La couleur en Égypte antique était utilisée non seulement dans des représentations réalistes de scènes de toutes les vies, mais aussi pour illustrer les royaumes célestes des dieux, l'au-delà, ainsi que les histoires des divinités du panthéon égyptien. Chaque couleur avait son propre symbolisme particulier et était créée à partir d'éléments trouvés dans la nature. L'égyptologue Margaret Bunson écrit comment «les artisans commencèrent à observer l'apparition naturelle des couleurs dans leur environnement et pulvérisèrent divers oxydes et autres matériaux pour développer les teintes désirées» (54). Ce processus de création de couleurs par des artistes égyptiens remonte à la période dynastique précoce (c. 3150 - c. 2613 av. JC), mais devient plus prononcé à l'époque de l'Ancien Empire (c. 2613-2181 av. JC). Depuis l'Ancien Royaume jusqu'à l'annexion du pays par Rome après 30 av. JC, la couleur était une composante importante de toutes les œuvres d'art créées par les Égyptiens.
Le réalisme en couleur
Chaque couleur était créée en mélangeant divers éléments naturels et chacun se standardisa dans le temps afin d'assurer une certaine uniformité dans les œuvres d'art. Un égyptien, par exemple, était toujours représenté avec une peau brune rougeâtre, ce qui était obtenu en mélangeant une certaine quantité de peinture rouge standard avec du brun standard. Il y eut des variations de ce mélange selon les différentes époques mais, dans l'ensemble, elles restèrent plus ou moins les mêmes. Cette couleur pour la peau des hommes fut choisie pour le réalisme, afin de symboliser la vie extérieure de la plupart des hommes, tandis que les femmes égyptiennes étaient peintes avec une peau plus claire (avec des mélanges de jaune et de blanc) puisqu'elles passaient plus de temps à l'intérieur.
Les dieux étaient généralement représentés avec une peau dorée, reflétant la croyance que les dieux avaient en fait une peau en or. Une exception à cela est le dieu Osiris qui est presque toujours dépeint avec une peau verte ou noire symbolisant la fertilité, la régénération et le monde souterrain. Osiris fut assassiné, puis rendu à la vie par Isis, puis descendit pour régner sur la terre des défunts; les couleurs utilisées dans ses représentations symbolisent toutes des aspects de son histoire. Qu'une scène montre un homme et sa femme en train de diner ou les dieux dans la barque solaire, chaque couleur utilisée devait représenter avec précision les différents thèmes de ces événements.
Création de couleurs et symbolisme
Les différentes couleurs ci-dessous sont répertoriées avec leur nom égyptien à la suite, les matériaux utilisés pour les créer et ce qu'elles symbolisaient.
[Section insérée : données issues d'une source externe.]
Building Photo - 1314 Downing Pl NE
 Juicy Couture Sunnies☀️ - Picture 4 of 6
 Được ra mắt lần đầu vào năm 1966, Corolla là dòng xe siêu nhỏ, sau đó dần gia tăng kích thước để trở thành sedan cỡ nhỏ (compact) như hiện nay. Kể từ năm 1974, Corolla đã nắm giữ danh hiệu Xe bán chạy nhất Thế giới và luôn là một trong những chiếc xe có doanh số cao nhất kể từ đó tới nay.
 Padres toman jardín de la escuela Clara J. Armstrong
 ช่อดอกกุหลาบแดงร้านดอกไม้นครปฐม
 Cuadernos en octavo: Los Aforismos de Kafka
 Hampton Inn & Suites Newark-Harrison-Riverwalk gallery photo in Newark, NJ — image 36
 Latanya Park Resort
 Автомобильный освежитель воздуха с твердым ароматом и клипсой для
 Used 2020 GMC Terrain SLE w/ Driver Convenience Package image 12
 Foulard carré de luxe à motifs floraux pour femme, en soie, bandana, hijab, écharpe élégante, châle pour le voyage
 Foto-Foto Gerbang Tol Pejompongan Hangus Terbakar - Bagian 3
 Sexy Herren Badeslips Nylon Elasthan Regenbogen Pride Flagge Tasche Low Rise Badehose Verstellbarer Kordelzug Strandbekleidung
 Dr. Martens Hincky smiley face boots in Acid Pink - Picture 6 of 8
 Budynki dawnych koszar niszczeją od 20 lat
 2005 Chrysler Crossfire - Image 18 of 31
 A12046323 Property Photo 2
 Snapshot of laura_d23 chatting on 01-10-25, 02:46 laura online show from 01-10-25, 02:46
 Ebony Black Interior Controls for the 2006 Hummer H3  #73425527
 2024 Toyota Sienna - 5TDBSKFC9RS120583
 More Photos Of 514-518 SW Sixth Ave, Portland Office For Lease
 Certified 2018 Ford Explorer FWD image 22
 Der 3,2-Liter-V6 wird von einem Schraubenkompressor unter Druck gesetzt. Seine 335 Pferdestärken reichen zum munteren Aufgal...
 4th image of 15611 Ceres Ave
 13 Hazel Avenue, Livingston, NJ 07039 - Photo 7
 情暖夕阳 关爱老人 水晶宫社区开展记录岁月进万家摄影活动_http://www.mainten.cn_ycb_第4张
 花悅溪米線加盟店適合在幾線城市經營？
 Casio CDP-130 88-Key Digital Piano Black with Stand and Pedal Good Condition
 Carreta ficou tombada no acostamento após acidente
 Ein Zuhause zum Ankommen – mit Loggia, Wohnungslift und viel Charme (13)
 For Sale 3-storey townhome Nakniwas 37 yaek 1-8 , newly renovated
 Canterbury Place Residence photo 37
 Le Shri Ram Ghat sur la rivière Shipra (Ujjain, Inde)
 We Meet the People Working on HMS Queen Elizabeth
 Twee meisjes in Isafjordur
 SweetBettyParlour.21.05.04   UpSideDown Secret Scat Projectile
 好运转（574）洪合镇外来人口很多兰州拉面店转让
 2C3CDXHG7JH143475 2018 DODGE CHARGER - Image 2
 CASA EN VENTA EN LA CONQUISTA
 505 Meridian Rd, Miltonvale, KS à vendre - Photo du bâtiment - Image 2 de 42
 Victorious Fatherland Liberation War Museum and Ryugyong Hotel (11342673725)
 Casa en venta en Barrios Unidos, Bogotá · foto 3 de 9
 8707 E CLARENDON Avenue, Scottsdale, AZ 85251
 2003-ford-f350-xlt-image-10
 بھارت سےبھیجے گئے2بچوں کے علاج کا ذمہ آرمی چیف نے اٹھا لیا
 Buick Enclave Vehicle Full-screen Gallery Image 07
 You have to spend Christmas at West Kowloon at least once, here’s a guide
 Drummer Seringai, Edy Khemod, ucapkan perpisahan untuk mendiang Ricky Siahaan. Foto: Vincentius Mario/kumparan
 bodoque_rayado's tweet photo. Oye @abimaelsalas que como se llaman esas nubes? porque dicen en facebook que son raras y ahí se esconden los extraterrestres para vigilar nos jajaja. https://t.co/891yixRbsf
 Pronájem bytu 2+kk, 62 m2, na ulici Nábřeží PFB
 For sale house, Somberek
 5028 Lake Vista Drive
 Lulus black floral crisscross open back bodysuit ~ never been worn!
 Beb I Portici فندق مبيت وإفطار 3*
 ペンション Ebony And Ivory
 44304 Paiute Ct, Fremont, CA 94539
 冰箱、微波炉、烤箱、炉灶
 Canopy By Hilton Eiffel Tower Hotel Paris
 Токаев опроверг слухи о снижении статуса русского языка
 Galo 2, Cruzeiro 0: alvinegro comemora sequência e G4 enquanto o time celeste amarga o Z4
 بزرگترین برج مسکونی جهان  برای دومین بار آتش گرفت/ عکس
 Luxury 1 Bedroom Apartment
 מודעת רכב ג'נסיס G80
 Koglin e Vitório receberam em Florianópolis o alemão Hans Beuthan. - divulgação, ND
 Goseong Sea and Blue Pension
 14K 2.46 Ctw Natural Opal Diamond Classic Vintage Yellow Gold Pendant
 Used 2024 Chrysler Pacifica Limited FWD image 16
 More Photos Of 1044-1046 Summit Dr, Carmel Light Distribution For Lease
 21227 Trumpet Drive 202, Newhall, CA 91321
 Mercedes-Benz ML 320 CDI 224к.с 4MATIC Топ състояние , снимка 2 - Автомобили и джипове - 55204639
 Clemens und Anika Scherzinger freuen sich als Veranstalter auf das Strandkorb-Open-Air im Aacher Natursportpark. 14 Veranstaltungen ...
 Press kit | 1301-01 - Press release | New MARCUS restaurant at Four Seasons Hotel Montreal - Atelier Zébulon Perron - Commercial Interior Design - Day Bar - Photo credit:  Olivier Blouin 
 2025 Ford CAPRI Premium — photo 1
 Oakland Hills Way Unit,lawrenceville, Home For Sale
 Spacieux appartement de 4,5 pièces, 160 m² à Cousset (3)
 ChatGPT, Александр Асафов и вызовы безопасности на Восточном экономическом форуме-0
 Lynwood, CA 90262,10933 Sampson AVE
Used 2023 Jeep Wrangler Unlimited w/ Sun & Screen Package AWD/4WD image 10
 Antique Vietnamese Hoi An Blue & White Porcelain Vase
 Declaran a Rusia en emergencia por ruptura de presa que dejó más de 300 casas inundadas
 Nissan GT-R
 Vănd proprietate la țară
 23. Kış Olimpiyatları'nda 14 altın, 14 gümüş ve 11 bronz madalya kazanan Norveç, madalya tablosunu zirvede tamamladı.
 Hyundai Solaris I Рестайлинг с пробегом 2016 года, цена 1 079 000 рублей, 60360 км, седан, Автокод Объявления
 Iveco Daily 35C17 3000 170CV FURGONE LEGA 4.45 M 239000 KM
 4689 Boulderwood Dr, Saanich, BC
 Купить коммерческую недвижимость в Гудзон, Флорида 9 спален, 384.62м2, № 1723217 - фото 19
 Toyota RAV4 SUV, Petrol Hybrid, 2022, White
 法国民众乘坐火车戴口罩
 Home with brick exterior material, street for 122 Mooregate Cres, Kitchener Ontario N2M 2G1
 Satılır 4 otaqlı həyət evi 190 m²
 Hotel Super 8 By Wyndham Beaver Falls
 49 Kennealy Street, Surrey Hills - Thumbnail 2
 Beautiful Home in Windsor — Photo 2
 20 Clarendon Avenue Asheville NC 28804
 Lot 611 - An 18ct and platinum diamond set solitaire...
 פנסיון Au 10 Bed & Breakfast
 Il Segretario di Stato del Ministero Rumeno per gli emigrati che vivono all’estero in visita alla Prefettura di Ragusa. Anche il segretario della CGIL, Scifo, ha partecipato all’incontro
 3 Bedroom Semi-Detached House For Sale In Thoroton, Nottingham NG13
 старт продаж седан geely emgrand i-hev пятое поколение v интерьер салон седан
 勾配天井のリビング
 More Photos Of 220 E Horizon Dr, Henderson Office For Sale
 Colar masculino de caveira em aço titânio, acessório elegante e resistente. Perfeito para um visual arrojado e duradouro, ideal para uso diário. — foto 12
Les définitions suivent le travail de Richard H. Wilkinson dans son Symbolism & Magic in Egyptian Art et Encyclopedia of Ancient Egypt de Margaret Bunson, complétées par d'autres œuvres.
Rouge (desher) - fabriqué à partir de fer oxydé et d'ocre rouge, utilisé pour créer des tons de chair et symboliser la vie mais aussi le mal et la destruction. Le rouge était associé à la fois au feu et au sang et symbolisait ainsi la vitalité et l'énergie, mais il pouvait également être utilisé pour accentuer un certain danger ou définir une divinité destructrice. Le dieu Set, par exemple, qui assassina Osiris et provoqua le chaos en Égypte au début des temps, était toujours représenté avec un visage rouge ou roux ou complètement en rouge. On voit également ce motif dans des œuvres écrites où la couleur rouge est parfois utilisée pour signifier un personnage ou un aspect dangereux dans une histoire. Dans les peintures murales et les scènes de tombeau, le rouge doit être interprété avec soin dans le contexte de la scène. Bien qu'il ait été fréquemment utilisé pour mettre l'accent sur le danger ou même le mal, il est aussi souvent considéré comme symbolisant la vie ou un être supérieur (comme dans les représentations de l'Œil de Râ) ou un statut élevé comme dans la couronne rouge de Basse-Égypte.
Bleu (irtiu et khesbedj) - l'une des couleurs les plus populaires, communément appelée «bleu égyptien», fabriquée à partir d'oxydes de cuivre et de fer contenant de la silice et du calcium, symbolisant la fertilité, la naissance, la renaissance et la vie et généralement utilisée pour représenter l'eau et les cieux. Wilkinson écrit: «De la même façon, le bleu pouvait signifier le Nil et les cultures qui y sont associées, ses offrandes et sa fertilité, et bon nombre des figures dites de «fécondité» qui représentent la richesse du fleuve sont de cette teinte» (107). Les statues et les représentations du dieu Thot sont généralement bleues, bleu-vert ou présentent un aspect bleu en elles reliant le dieu de la sagesse aux cieux qui donnent la vie. Le bleu symbolise également la protection. Les amulettes de fertilité du dieu protecteur Bès étaient souvent bleues, tout comme les tatouages de Bès ou de motifs en forme de losange que les femmes portaient sur le bas de l'abdomen, le dos et les cuisses. On pense que ces tatouages étaient portés comme amulettes pour protéger les femmes pendant la grossesse et l'accouchement.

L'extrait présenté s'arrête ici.